In addition, the record establishes that appellants first requested a variance from the impervious-surface-coverage limitations two days before their building permit was issued.  That request was denied.  A representative of appellants' contractor testified before the board that he was aware the county did not consider pervious pavers as exempt from the impervious-surface-coverage limitations, and appellants' landscaper testified that, by oversight, the landscape calculations were performed without the impervious-surface calculations.  Thus, the evidence supports the board's finding that appellants had notice of the impervious-surface-coverage limitations before and throughout their construction process. 

Appellants also argue that granting a variance under the undue-hardship standard requires only that the landowners desire to use their property in a reasonable manner prohibited by ordinance, citing Nolan v. City of Eden Prairie, 610 N.W.2d 697, 701 (Minn.

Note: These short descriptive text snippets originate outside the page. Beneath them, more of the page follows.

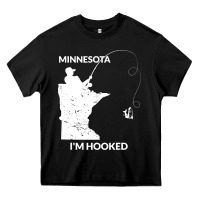 Black MN Minnesota Fishing T Gift for Fishermen and Anglers Heavy Core Tee - longCreatives
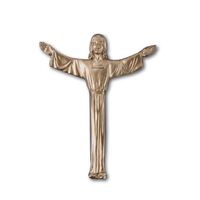 Corpus Metal Risen Christ Silver - 160 x 130mm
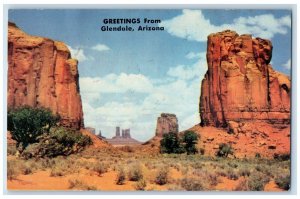 1955 Greetings From Glendale Arizona AZ, Gateway To Monument Valley Postcard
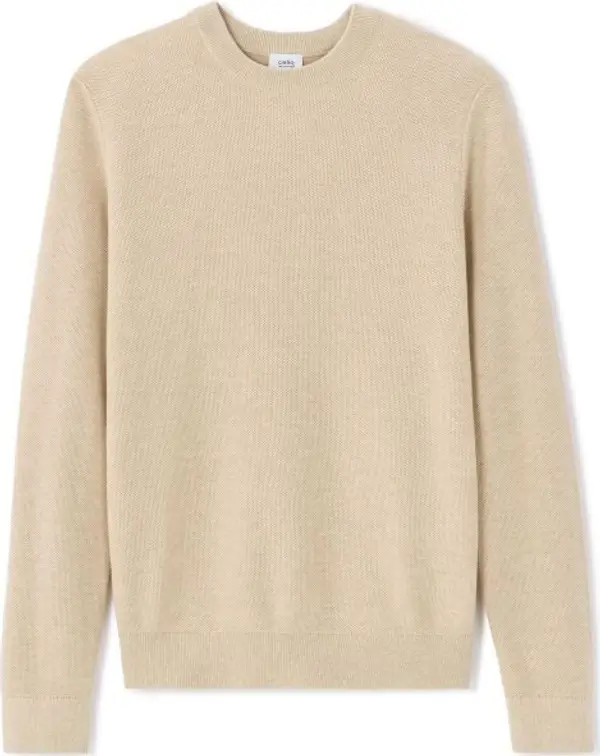 CELIO CELIO BEPIC Мъжки пуловер за свободното време, бежово, размер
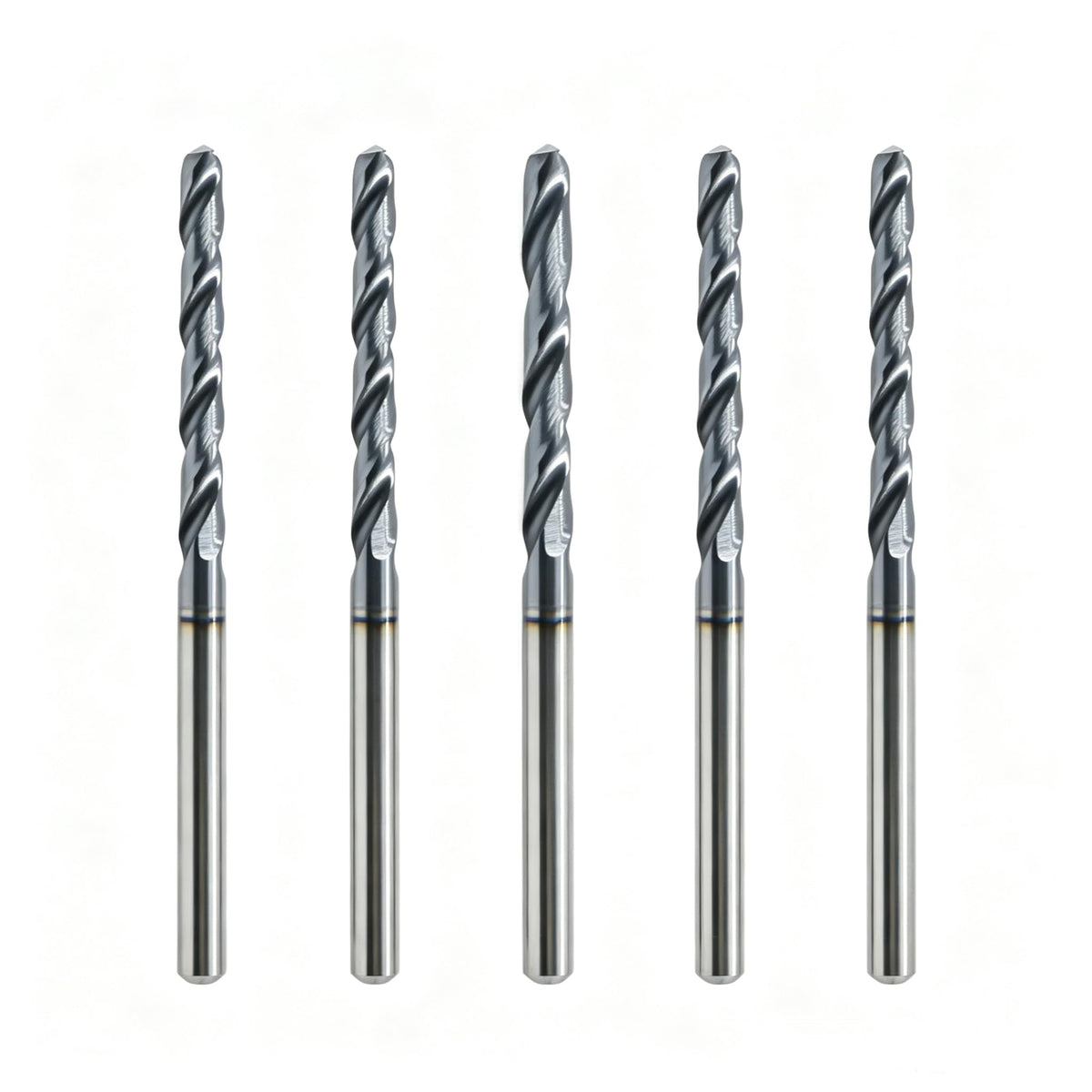 3/32 Carbide Drill Bit for Hardened Steel Aluminum Metal Solid Tungsten K20 Carbide Drill Bit by YFTOOL 5pcs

App. 2000).  But Nolan involved the factually-distinguishable situation in which a city had previously granted the landowners' other variances, and the most recent variance brought the property closer to compliance with conditions allowed by official controls.  Id.at 70102.  And, even if appellants were mistaken in their interpretation of the ordinance, that belief would not constitute a hardship "because a property owner's beliefs are not circumstances unique to the property."  Graham, 601 N.W.2d at 468. 

Appellants also contend that, because the variance request was for an area rather than a use variance, the board erred in not applying "practical difficulty" as an alternate standard for granting the variance.  Minnesota courts have drawn a distinction between use variances and area variances.  Kismet, 617 N.W.2d at 90.  Use variances allow a use of the property prohibited under a zoning ordinance; area variances control density, height, setback and other requirements for uses permitted by the ordinance.  Id.  Minnesota precedent suggests that practical difficulty may provide a separate basis for granting an area variance.  See Merriam Park Cmty. Council, Inc. v. McDonough, 297 Minn. 285, 29192, 210 N.W.2d 416, 420 (1973) (applying the practical-difficulties standard in affirming the grant of a variance from area, setback, and density requirements), overruled on other grounds by Nw. Coll. v. City of Arden Hills, 281 N.W.2d 865 (Minn. 1979); see generally, Kismet, 617 N.W.2d at 9192 (interpreting, in dicta, practical difficulty as the standard intended to apply to area variances).  But case law from other jurisdictions indicates that the practical-difficulties standard, as well as the undue-hardship standard, must refer to characteristics of the land in question, rather than conditions personal to the owner of the land.  See Ogawa v. City of Des Peres, 745 S.W.2d 238, 24243 (Mo. Ct. App. 1987) (stating that the practical-difficulty or undue-hardship standard "does not refer to conditions personal to the owner of the land in question but rather refers to the conditions especially affecting the lot in question"); Ivancovich v. City of Tucson Bd. of Adjustment, 529 P.2d 242, 249 (Ariz. Ct. App. 1974) (rejecting the financial considerations of a landowner as the sole factor in applying the undue-hardship or practical-difficulties standard in an area variance case).  The prior conforming use of appellants' lot in a residential-shoreland district shows that the characteristics of the land did not demonstrate practical difficulty in complying with the applicable zoning ordinance.

II

Appellants next argue that the board made its determination on an inadequate record, and the district court abused its discretion in declining to augment the record with further testimony.  "[A] district court should establish the scope and conduct of its review of a municipality's zoning decision by considering the nature, fairness and adequacy of the proceeding at the local level and the adequacy of the factual and decisional record of the local proceeding."  Swanson v. City of Bloomington, 421 N.W.2d 307, 31213 (Minn. 1988).  Review should be on the record if the proceeding was fair and the record clear and complete.  Id.at 313. The record is likely to be clear and complete if the municipality "has proposed formal findings contemporaneously with its decision and there is an accurate verbatim transcript of the proceedings."  Id.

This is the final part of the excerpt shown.